Does UK law adequately protect employees religious beliefs from discrimination?

In Eweida & Others v UK, the European Court of Human Rights (ECtHR) held that in most situations it does.

In different cases, four employee's brought claims against their employer's under the Religion or Belief Regulations.  They claimed that their employer's had failed to protect their religious beliefs, referring to Article 9 and/or 14 of the European Convention on Human Rights.

Article 9 provides "Everyone has the right to freedom of thought, conscience and religion; this right includes freedom to change his religion or belief and freedom, either alone or in community with others and in public or private, to manifest his religion or belief, in worship, teaching, practice and observance."

Mrs Eweida worked for British Airways (BA) as part of the check in team.  She wished to express her religious beliefs by wearing a silver cross necklace around her neck.  BA refused to allow her to wear the cross, arguing that it was contrary to its uniform policy.  Mrs Eweida claimed indirect discrimination; however, failed on the basis of not being able to show that any other Christians had felt disadvantaged due to BA's policy.  Furthermore, exposing a cross was not a requirement of the Christian faith, but rather a personal choice.

Mrs Chaplin was a clinical nurse who wished to wear a crucifix on a necklace as expression of her beliefs.  As with the Eweida case, the crucifix did not comply with the employer's uniform policy.  Mrs Chaplin also brought a claim based on indirect discrimination and like Mrs Eweida, she too failed in proving that the uniform policy placed Christian's, as a whole, at a disadvantage.  In addition, the policy could be objectively justified on health and safety grounds.  It was classed as a proportionate means of achieving a legitimate aim.

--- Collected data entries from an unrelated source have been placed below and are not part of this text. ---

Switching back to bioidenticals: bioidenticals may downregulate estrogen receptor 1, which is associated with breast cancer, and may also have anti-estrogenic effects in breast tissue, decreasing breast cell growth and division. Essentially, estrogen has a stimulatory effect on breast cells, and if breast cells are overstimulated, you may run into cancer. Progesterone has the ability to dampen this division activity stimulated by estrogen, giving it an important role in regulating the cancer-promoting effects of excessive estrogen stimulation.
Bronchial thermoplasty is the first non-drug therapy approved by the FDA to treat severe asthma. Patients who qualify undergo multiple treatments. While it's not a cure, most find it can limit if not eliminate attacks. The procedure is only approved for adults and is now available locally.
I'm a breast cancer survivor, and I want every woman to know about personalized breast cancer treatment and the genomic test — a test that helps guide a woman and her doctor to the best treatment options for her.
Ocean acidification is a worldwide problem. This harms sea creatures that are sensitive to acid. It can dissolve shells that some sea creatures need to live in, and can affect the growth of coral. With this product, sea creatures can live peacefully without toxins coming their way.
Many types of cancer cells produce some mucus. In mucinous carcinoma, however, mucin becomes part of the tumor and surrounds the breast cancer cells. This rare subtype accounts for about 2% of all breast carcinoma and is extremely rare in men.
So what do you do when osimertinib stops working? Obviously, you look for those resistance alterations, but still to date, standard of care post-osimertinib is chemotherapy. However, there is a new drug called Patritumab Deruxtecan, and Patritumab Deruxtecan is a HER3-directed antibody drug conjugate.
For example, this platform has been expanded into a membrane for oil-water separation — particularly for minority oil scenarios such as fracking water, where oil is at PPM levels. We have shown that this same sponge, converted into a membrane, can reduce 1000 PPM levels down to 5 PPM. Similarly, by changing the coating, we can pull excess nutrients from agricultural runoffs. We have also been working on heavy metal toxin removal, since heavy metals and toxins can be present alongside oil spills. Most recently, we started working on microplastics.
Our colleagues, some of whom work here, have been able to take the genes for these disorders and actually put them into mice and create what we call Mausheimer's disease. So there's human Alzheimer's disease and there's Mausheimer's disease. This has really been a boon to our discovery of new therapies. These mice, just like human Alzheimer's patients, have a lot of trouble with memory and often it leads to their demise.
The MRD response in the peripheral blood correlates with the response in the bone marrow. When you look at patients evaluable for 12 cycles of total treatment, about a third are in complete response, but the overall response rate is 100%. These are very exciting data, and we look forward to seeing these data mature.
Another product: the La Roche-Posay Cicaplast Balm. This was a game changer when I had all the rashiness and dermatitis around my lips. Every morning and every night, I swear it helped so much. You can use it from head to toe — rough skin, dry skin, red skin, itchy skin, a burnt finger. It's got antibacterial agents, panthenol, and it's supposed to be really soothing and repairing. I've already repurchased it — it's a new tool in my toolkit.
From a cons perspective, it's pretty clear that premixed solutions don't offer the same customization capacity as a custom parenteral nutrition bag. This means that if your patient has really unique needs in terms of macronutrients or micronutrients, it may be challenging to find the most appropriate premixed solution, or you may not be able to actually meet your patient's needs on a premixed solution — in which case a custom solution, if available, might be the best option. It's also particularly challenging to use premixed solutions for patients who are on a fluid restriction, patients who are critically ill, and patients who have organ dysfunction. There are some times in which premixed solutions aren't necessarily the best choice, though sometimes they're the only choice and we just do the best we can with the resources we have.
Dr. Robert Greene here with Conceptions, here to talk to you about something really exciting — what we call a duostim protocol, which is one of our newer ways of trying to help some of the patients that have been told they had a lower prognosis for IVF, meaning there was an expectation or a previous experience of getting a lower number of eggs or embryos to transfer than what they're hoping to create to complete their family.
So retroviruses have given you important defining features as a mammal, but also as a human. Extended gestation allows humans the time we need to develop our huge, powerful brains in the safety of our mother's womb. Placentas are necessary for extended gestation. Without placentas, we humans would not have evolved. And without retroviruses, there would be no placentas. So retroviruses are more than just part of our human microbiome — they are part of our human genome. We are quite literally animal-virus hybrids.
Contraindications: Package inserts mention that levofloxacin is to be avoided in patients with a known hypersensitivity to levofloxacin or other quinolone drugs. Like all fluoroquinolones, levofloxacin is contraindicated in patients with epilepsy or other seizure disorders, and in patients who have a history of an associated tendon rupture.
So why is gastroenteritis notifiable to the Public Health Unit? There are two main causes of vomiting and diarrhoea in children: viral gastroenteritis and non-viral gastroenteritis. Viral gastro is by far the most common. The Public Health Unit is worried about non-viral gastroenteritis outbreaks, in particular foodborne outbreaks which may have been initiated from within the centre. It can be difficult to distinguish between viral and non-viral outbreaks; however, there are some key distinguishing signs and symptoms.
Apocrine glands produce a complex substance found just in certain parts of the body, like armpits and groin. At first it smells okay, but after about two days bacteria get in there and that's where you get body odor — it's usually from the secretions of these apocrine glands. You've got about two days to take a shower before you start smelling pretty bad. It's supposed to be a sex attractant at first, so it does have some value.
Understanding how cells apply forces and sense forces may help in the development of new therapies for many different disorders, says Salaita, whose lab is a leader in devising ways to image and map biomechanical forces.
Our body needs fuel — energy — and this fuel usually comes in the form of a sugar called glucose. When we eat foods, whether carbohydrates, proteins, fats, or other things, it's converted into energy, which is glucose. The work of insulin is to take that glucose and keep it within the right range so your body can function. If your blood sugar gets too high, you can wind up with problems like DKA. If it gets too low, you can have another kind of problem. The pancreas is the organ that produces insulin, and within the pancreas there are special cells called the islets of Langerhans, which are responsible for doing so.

Ms Ladele, a registrar and a Christian, believed that same-sex partnerships are "contrary to God's law".  Because of her beliefs, she refused to carry out the registration of civil partnerships when the Civil Partnership Act 2004 came into force.  She was dismissed for gross misconduct on the basis of being discriminatory towards the gay community and for breaching the Council's "Dignity for All" policy, which had fundamental human rights, equality and diversity implications.  Bringing claims for religious discrimination, she initially succeeded before a tribunal, only to subsequently fail in front of both the EAT and the Court of Appeal.  Ms Ladele's claim failed on the basis that as a public authority employer, it was committed to promoting equal opportunities, including the rights of the gay community. 

Mr McFarlane was a sex counsellor dismissed for refusing to counsel same-sex couples.  He brought claims based on indirect discrimination, which failed both in the tribunal and the EAT.  It was found that the actions of Mr McFarlane's employer could be objectively justified as a proportionate means of achieving a legitimate aim.  The legitimate aim was to provide a full range of counselling services to all sections of the community, regardless of sexual orientation.

Only Mrs Eweida's claim succeeded in the ECtHR.  This was on the basis that too much weight had been placed on BA's corporate image and Mrs Eweida's cross was discrete, bearing no real negative implications to BA's brand.  Mrs Chaplin's claim failed on the grounds that the health and safety policy on a hospital ward was more important than the expression of religious beliefs, thus the interference was necessary in a democratic society.  In relation to Ms Ladele and Mr McFarlane, treatment based on sexual orientation requires particularly serious reasons for justification in order to exceed the "margin of appreciation".  In both instances, the margin was not exceeded.

The judgement emphasises that cases involving the justification of indirect discrimination will remain to be very much dependent on the individual facts of each case.  However, employers are now under an obligation to accommodate reasonable requests regarding uniforms.

Posted on: 30/01/2013

This article is for general guidance only. It provides useful information in a concise form. Action should not be taken without obtaining specific legal advice.